A RARE COMEDY DELIGHT.
scotsladdie | 08/30/2002
(5 out of 5 stars)

"In retrospect, this little 1937 flick holds up as one of the funniest screwball comedies of the thirties. Loud millionaire J.B. Ball tells his extravagantly aggressive wife (Mary Nash) that she cannot keep her $58,000 Sable coat. Ball throws it out of the upper window of their mansion where it happens to fall right on top of bewildered Mary Smith (Arthur), who's travelling on an open-air bus. Mary's a poor gal who works for a magazine similar to BOY'S LIFE. Arnold is seen buying Mary a new hat by pussy-cat faced gossip Franklin Pangborn and soon she gets more than just a hat: practically all of New York is at her feet. The scene where she and Milland wreak havoc at the now-obsolete automat is truly inspired and hilarious, as is Luis Alberni - as Louis Louis - when he shows Mary her new "quarters" -- i.e. "And make it snappa...Thaank Yewww". The rather offbeat cast works wonders with the great Preston Sturges script: Milland and Nash make a weird son and wife to the always good (and always loud) Edward Arnold, but somehow it makes for better screwball; the whacko cast helps push the one-joke material through to a happy finish, and the movie helped establish Jean Arthur as a comedienne of the first rank. P.S. While listening to Arthur's wonderfully off-beat voice, I realised it reminded me a little of Julie Harris (!)."
A movie for today
scotsladdie | 08/21/1999
(5 out of 5 stars)

"Day-traders alert. Cut yourself on every line of this witty, fast-paced and knowing movie that glories in the talents of Jean Arthur, et al.
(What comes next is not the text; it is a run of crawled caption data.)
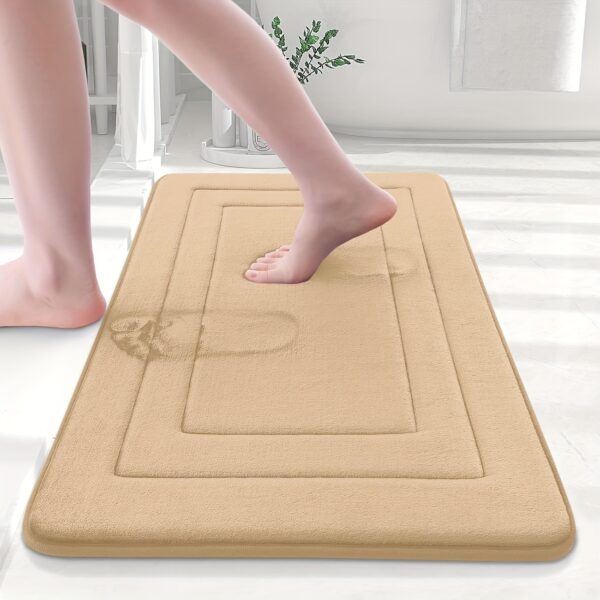 1pc Vintage-Inspired Memory Foam Bath Mat - Non-Slip, Absorbent, Cushioned Floor Mat for Kitchen, Bathroom, Bedroom, Laundry Room - Rectangular Polyester Blend Area Rug with Geometric Pattern, Perfect Gift for Women, Mom, Daughter, Bathroom Mat | Vintagei - Image 7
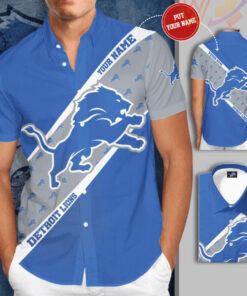 Detroit Lions 3D Short Sleeve Dress Shirt 03
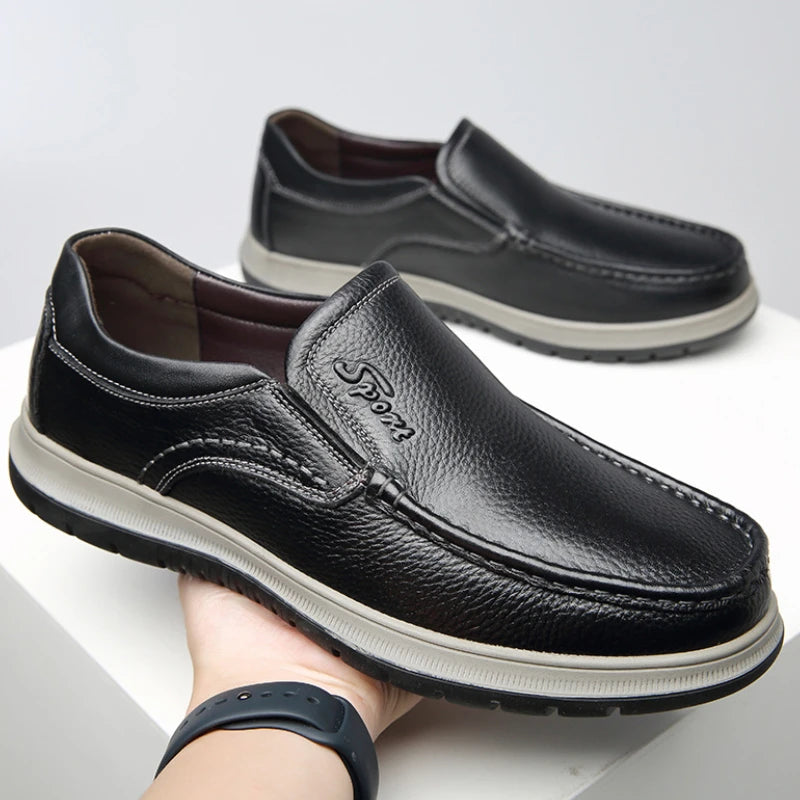 Mocassin orthopédique homme en cuir souple décontracté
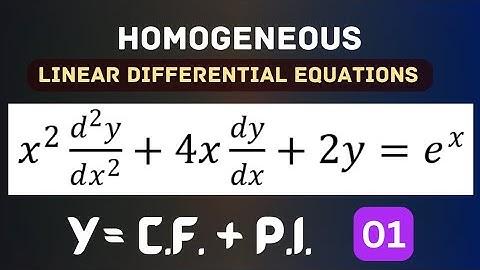 B.Sc.2nd Sem.(L-16) | Homogeneous Linear Differential Equation
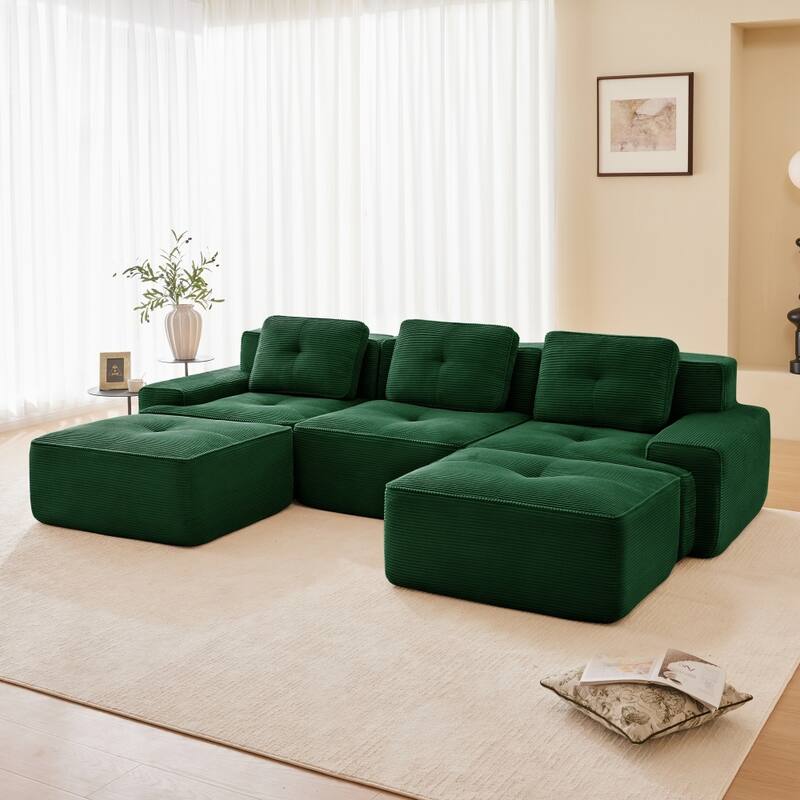 117.3" Minimalist Corduroy Modular Sectional Sofa with Ottomans for Living Room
As tight as a fist, construction-wise, it traverses ostentation, banking (and ostentation), stock market manipulation (and ostentation) and that thing called real-honest-to-goodness, in-the-belly hunger. Arnold, Milland and the (forgive me) unnamed actor who plays the hotel proprietor (should have stayed cook) to hilarious effect are all wonderful. But Jean Arthur demonstrates yet again what an underrated talent she was: energy, sweet timing and mercurial delights - poured into the camera."
A fine, early screenplay by Preston Sturges!
scotsladdie | 12/26/1998
(5 out of 5 stars)

"Jean Arthur, Edward Arnold, a baby Ray Milland, and the beginnings of what became known as the Sturges Players combine for a tight little screwball comedy. This was not available on video until just recently, but if you enjoy the old madcap comedies, ala MY MAN GODFREY, NOTHING SACRED, and Preston Sturges romps like PALM BEACH STORY, THE LADY EVE, etc, I'm confident in recommending EASY LIVING. I didn't notice Sturges wrote it until the final credits, but that didn't alter my feelings. This is an under-appreciated jewel!"